For Eman Hasan, the improbable happened twice, receiving not one, but two devastating diagnoses. The 41-year-old accountant was diagnosed with breast cancer in her native Kuwait. As part her treatment plan, Hasan received chemotherapy, which in turn caused cardiomyopathy, a deterioration of the heart muscle. With her cancer treated but her heart weakening, Hasan's doctor in the Kuwait referred her to the University of Chicago Medicine heart failure and transplant team and Valluvan Jeevanandam, MD, chief of cardiac and thoracic surgery and a well-known expert in heart transplantation.
Hasan would need to wait five years to be certain she was cancer free before being considered for a heart transplant because the necessary immune suppression drugs that accompany any transplant could make the cancer blossom.
In the meantime, Hasan’s heart was causing problems. Jeevanandam and his team decided she would be an ideal candidate for an LVAD, a left ventricular assisted device, a mechanical heart pump, and in 2009 she received the device that kept her body from going into shock from her damaged heart. “She did well,” said Jeevanandam, who also brought over Hasan’s doctor and a team from Kuwait to teach them the LVAD procedure.
Divorced, and with a daughter in high school, she shares that it was a “tough time, dealing with two diseases at once.” Family members took turns staying with Hasan in Chicago to support her during this trying time. Her daughter even delayed starting college in order to be with her mom, and later, when Hasan was unable to attend her wedding, her daughter made sure to visit Chicago on her honeymoon.
Sponsored by her government, Hasan flew back and forth between the United States and Kuwait to get regular checkups as she waited to be deemed cancer free and eligible for a new heart. “She was a frequent flyer,” said Jeevanandam. “Because of her LVAD, she had batteries and gizmos strapped to her, so I would have to write letters explaining her condition every time she flew.”
“The heart transplant team worked closely with our oncology and immunology colleagues to clear her through several scans and tests to be certain she was cancer free before she could have the transplant, “ he added. “With a transplant, you worry about rejection and infection, and in Hasan’s case we had to be concerned about cancer as well.”
Nurse practitioner Catherine Murks explained how enlisting the help of multiple departments is typical at the University of Chicago Medicine. “Seeing a patient with more than one issue or disease is not unusual for us because we tend to see the most complicated patients,” said Murks. “It’s not uncommon for our patients to have more than one chronic illness.”
For Hasan, having to tick away the five long years before she could even be considered for a transplant was not her only roadblock.
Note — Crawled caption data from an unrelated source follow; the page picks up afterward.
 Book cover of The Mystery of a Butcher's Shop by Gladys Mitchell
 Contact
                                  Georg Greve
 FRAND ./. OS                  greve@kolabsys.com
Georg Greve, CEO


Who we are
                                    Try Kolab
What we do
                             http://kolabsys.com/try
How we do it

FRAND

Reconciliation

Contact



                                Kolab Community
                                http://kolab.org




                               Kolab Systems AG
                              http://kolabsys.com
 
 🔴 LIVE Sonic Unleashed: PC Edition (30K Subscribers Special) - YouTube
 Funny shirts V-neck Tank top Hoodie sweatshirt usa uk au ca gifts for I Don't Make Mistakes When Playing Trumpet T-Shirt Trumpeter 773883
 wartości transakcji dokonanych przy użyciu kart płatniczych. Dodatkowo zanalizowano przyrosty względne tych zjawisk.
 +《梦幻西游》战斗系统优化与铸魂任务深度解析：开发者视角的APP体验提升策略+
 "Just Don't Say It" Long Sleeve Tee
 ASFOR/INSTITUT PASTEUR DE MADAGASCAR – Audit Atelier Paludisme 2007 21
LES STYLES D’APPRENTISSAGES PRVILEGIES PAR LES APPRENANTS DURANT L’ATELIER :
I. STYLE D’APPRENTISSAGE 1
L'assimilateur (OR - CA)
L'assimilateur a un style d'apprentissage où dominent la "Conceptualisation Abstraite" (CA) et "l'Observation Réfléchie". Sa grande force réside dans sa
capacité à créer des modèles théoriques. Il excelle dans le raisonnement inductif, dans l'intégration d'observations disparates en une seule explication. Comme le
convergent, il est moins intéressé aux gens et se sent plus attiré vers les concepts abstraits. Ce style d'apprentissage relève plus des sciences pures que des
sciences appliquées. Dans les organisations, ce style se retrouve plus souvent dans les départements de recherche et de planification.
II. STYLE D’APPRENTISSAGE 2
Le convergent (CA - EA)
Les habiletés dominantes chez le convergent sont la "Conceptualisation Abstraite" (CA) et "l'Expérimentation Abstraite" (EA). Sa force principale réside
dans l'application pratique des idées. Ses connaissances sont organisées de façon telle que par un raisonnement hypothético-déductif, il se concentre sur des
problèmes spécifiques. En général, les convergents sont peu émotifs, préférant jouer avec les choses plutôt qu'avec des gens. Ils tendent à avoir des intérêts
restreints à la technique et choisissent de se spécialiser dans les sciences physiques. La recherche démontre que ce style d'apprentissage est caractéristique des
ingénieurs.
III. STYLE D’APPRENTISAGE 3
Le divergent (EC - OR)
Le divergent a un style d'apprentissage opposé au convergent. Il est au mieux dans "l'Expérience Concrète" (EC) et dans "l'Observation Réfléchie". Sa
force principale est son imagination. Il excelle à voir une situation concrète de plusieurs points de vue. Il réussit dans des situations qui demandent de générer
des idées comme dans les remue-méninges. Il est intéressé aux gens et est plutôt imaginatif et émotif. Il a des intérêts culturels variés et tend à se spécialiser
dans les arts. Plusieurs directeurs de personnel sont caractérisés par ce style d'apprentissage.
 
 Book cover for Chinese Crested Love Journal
Due to the presence of antibodies, finding a match would be very difficult and Jeevanandam prepared her for the possibility of a long wait, stating he thought it might have been easier for her to win the lottery than be transplanted quickly.
On November 27, 2012, her wait was over as Hasan received a donor heart, but, she would still face a few challenges after the procedure. Shortly after the transplant, she had some typical, yet minor, early rejection episodes. “But everything quieted down and she’s doing great,” said Jeevanandam.
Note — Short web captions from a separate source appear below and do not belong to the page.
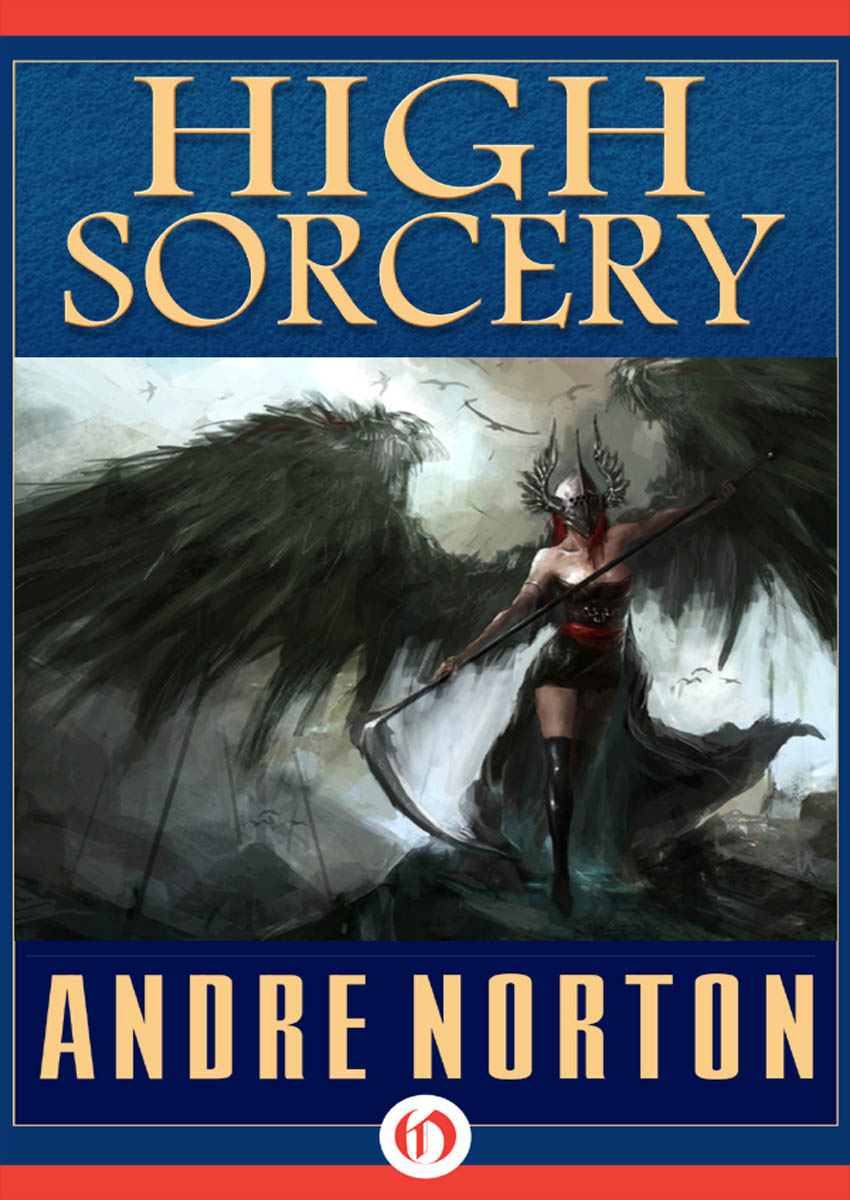 High Sorcery by Andre Norton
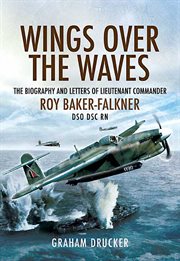 Wings over the waves. The Biography and Letters of Lieut. Com. Roy Baker-Falkner DSO DSC RN cover image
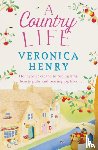 Henry, Veronica - A Country Life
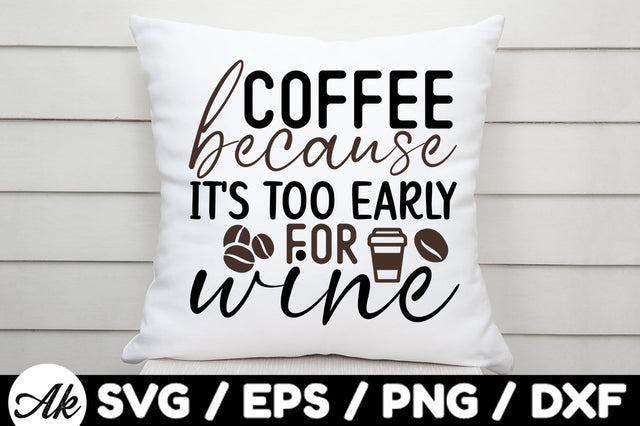 Coffee because its too early for wine svg SVG akazaddesign 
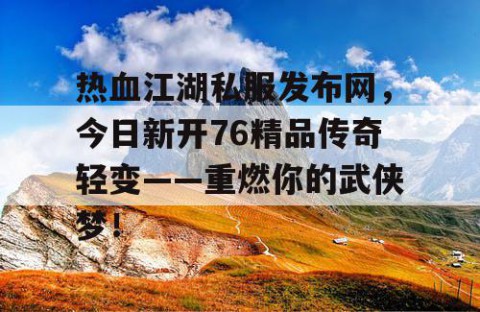 热血江湖私服发布网，今日新开76精品传奇轻变——重燃你的武侠梦！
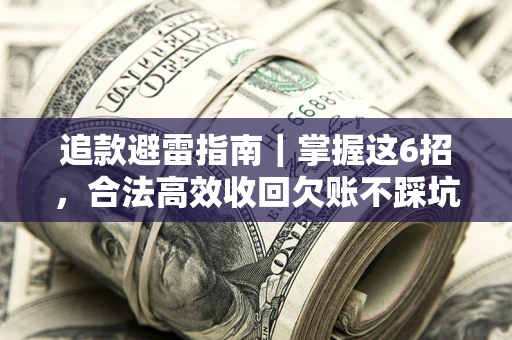 武汉追款避雷指南｜掌握这6招，合法高效收回欠账不踩坑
Throughout Hasan's ordeal, the University of Chicago Medicine's Center for International Patients was a constant helping hand, managing every last detail of her stay, such as providing a 24/7 translator, housing and transportation, in order to minimize Hasan's worries. Having access to resources like the international center factored heavily in her decision to stay with the University of Chicago Medicine, and refer others here.
For Hasan, being treated at the University of Chicago Medicine has been the answer to her prayers. She is extremely grateful for the care she has received and said she loves America and Chicago. "The care I received in Chicago means a lot to me, there was kindness and love just like family," she said.
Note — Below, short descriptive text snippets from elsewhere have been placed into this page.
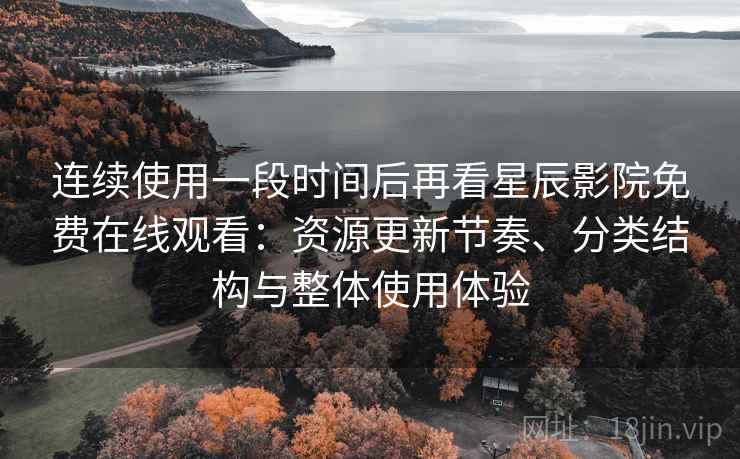 连续使用一段时间后再看星辰影院免费在线观看:资源更新节奏、分类结构与整体使用体验 连续使用一段时间后再看星辰影院免费在线观看:资源更新节奏、分类结构与整体使用体验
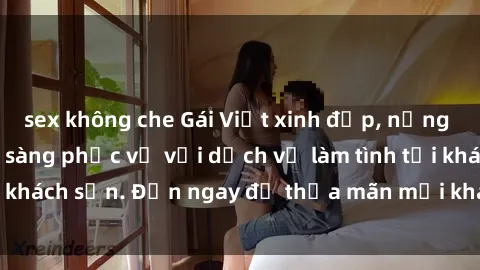 sex không che Gái Việt xinh đẹp, nồng nàn tình cảm, sẵn sàng phục vụ với dịch vụ làm tình tại khách sạn. Đến ngay để thỏa mãn mọi khao khát của bạn!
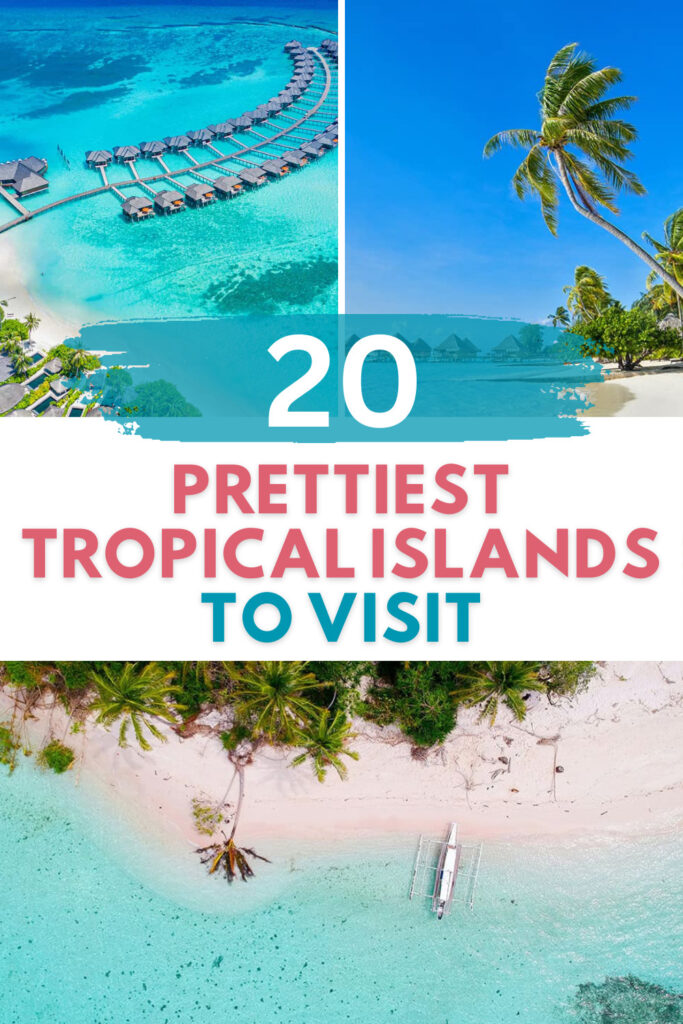 Prettiest Tropical islands to visit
Savitri E. Fedson, MD, Hasan's current physician at the University of Chicago Medicine, explained that though she returns monthly for biopsies and lab work, she has done very well post transplant.
"Transplants are more challenging for a patient with a chance of a malignancy," said Fedson. Even though Hasan did have some rejection episodes early on, our team was able to do a good job of managing them so as not to present a problem long term. "Speed bumps are not unusual in these cases."
Hasan said the University of Chicago Medicine gave her a new life and she will never forget it. While still in cardio rehab, she’s back to living her life. “I cook, clean, shop, go to restaurants and drive my car by myself and, best of all, I’m a new grandmother.”